Le 19 décembre approche à grands pas. La tension monte, monte. Or, de toutes les tombes, s’élève la voix des ancêtres et des héros qui ont sacrifié leur vie au bonheur  du Congo pour nous conjurer : Il ne faut pas  livrer la RDC au chaos ! Mais, comment donc en sommes-nous arrivés là ? Faisons en le point.

Il faut bien admettre que tout découle du fait que, de façon délibérée ou non, l’élection présidentielle n’a pas été organisée dans les délais constitutionnels. Conséquence : le chef de l’Etat en exercice, arrivé à la fin constitutionnelle de son second et dernier mandat, a perdu sa légitimité électorale de continuer à diriger le pays.  D’où la nécessité d’un dialogue voulu inclusif pour parvenir à un consensus global devant légitimer le leadership et la gestion du pays après la date butoir du 19 décembre.

A partir de là, plusieurs démarches ont successivement été tentées.  Première approche : des discussions directes entre les deux forces politiques représentatives, l’une, de la Majorité, c-à-d  le PPRD de Kabila, et l’autre,  de l’opposition, à savoir l’UDPS de Tshisekedi.  Un accord en est même sorti. A-t-il permis de régler l’affaire ? Non ! Les autres forces politiques et sociales du pays ont dénié à ces deux familles politiques l’autorité d’engager et d’organiser seules le pouvoir.

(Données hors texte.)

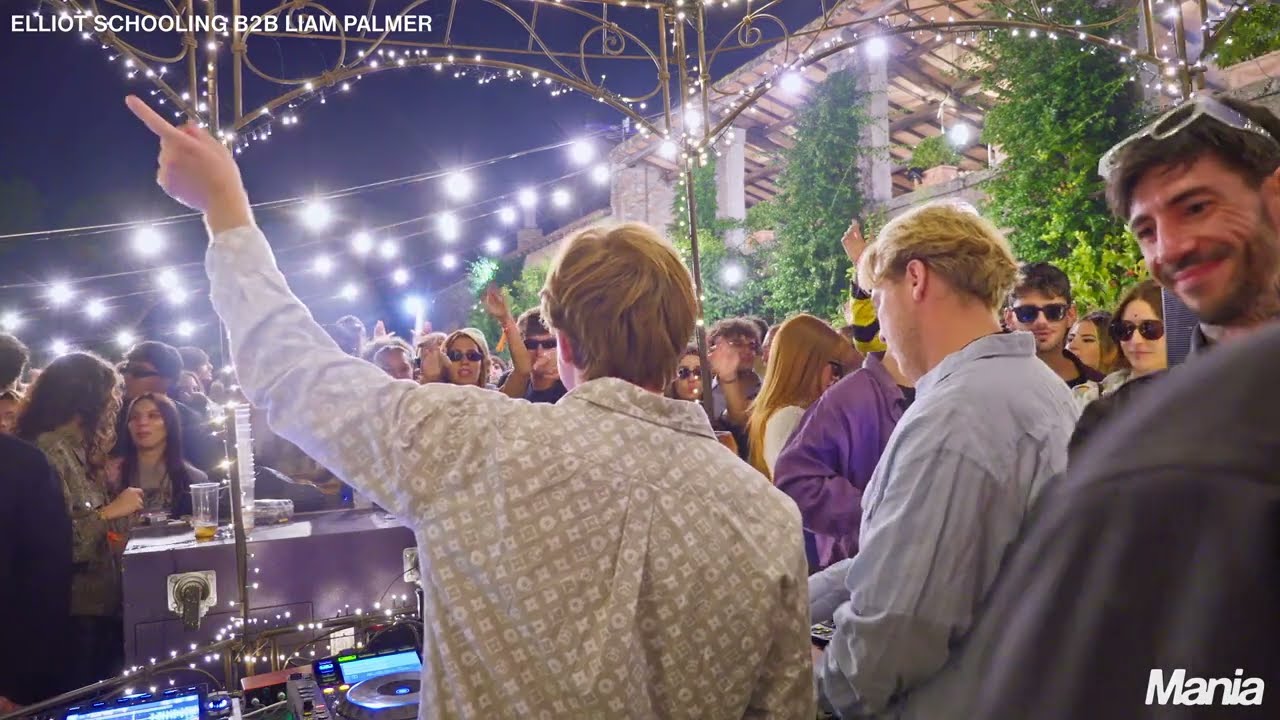 Elliot Schooling b2b Liam Palmer | The Community Sunday @ Tenuta Tor De' Sordi - 13 OCT 2024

Deuxième scénario, l’intervention de la Cour Constitutionnelle qui par son arrêt 262 arrêta qu’en vertu de l’article 70 de la Constitution, l’actuel président de la République restait en fonction en attendant l’élection  du nouveau président. Cet arrêt a-t-il permis de régler la question ? Non ! Toute l’Opposition, unie comme un seul homme, a rejeté cet arrêt au motif que cette Cour n’était pas au-dessus de  la Constitution pour s’autoriser à prolonger  le mandat présidentiel au-delà de sa limite constitutionnelle. Au demeurant, aux problèmes politiques, il faut nécessairement des réponses politiques et non pas juridiques.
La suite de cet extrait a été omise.